3. NO INSOLVENCY PROCEEDINGS

According to the Negative Certificates, no Judicial Decision opening Judicial Proceedings against any of the Luxembourg Obligors has been registered with the RCS on the date stated therein. The Negative Certificates do not indicate whether a Judicial Decision has been taken or a Judicial Proceeding has been opened. The registration of a Judicial Decision must be requested by the legally determined persons at the latest one month after the Judicial Decision has been rendered. As a consequence a delay exists between the moment where the event rendering the registration with the RCS necessary occurs and the actual registration of the Judicial Decision in the RCS. It may furthermore not be excluded that no registration has occurred during the legally prescribed period of one month if no request for registration has been made. As a consequence the Negative Certificates are not conclusive as to the opening and existence or not of Judicial Decisions or Judicial Proceedings and should not be relied upon as such. The Negative Certificates do, for the avoidance of doubt, not purport to indicate whether or not a petition or order for any of the Judicial Proceedings has been presented or made.

 

4. SCOPE OF OPINION

We have not been responsible for advising any party to the Transaction other than Eaton Corporation and the delivery of this Opinion Letter to any person other than Eaton Corporation does not evidence an existence of any such advisory duty on our behalf to such person.
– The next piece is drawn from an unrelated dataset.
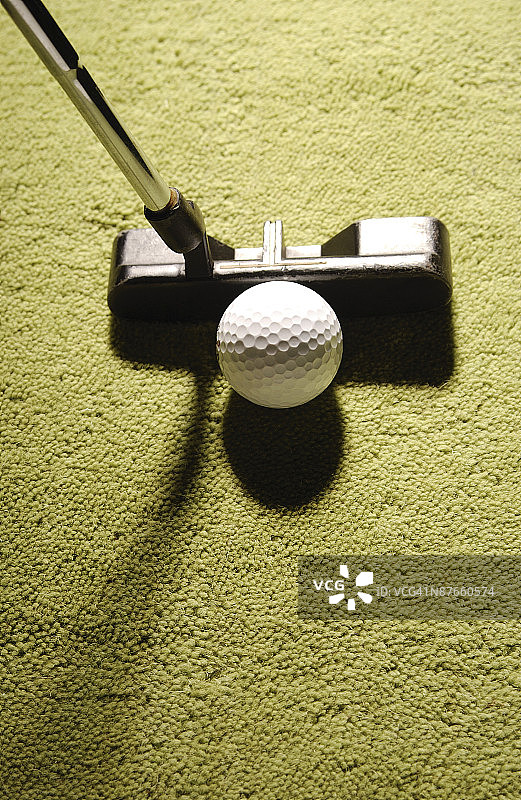 高尔夫球推杆和球图片素材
We express no opinion as to any taxation matters or transfer pricing matters generally or liability to tax which may arise or be suffered as a result of or in connection with the Transaction Documents or the Transaction or on the impact which any tax laws may have on the opinions expressed in this Opinion Letter.

No opinion (except to the extent expressly opined upon herein) is expressed or implied in relation to the accuracy of any representation or warranty given by or concerning any of the parties to the Transaction Documents or whether such parties or any of them have complied with or will comply with any covenant or undertaking given by them or any obligations binding upon them.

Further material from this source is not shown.